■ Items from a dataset
****************************************
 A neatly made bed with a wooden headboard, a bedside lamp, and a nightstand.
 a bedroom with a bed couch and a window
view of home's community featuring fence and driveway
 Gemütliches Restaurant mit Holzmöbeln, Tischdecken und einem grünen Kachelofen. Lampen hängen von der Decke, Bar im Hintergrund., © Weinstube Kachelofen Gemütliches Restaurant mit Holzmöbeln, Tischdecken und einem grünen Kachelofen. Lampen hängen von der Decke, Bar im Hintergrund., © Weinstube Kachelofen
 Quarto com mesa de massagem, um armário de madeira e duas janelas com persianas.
****************************************
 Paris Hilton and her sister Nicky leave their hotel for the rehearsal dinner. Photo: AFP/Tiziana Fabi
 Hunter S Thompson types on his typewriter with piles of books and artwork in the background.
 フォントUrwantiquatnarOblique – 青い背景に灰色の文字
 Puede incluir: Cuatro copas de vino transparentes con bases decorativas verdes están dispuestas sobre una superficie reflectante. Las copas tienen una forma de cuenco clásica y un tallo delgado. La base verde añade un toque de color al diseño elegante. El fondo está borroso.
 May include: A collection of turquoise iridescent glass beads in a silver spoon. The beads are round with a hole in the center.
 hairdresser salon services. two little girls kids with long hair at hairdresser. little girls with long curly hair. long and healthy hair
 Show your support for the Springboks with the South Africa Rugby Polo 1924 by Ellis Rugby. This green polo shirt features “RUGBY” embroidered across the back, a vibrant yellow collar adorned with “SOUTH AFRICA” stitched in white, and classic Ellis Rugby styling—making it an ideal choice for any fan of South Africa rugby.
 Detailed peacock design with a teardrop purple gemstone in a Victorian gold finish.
****************************************
■ Goal of the exercise
The answer is the lines above between the line holding "Puede incluir: Cuatro" and the line holding "Detailed peacock design", inclusive, each written out exactly, and no others.

■ Answer section
 Puede incluir: Cuatro copas de vino transparentes con bases decorativas verdes están dispuestas sobre una superficie reflectante. Las copas tienen una forma de cuenco clásica y un tallo delgado. La base verde añade un toque de color al diseño elegante. El fondo está borroso.
 May include: A collection of turquoise iridescent glass beads in a silver spoon. The beads are round with a hole in the center.
 hairdresser salon services. two little girls kids with long hair at hairdresser. little girls with long curly hair. long and healthy hair
 Show your support for the Springboks with the South Africa Rugby Polo 1924 by Ellis Rugby. This green polo shirt features “RUGBY” embroidered across the back, a vibrant yellow collar adorned with “SOUTH AFRICA” stitched in white, and classic Ellis Rugby styling—making it an ideal choice for any fan of South Africa rugby.
 Detailed peacock design with a teardrop purple gemstone in a Victorian gold finish.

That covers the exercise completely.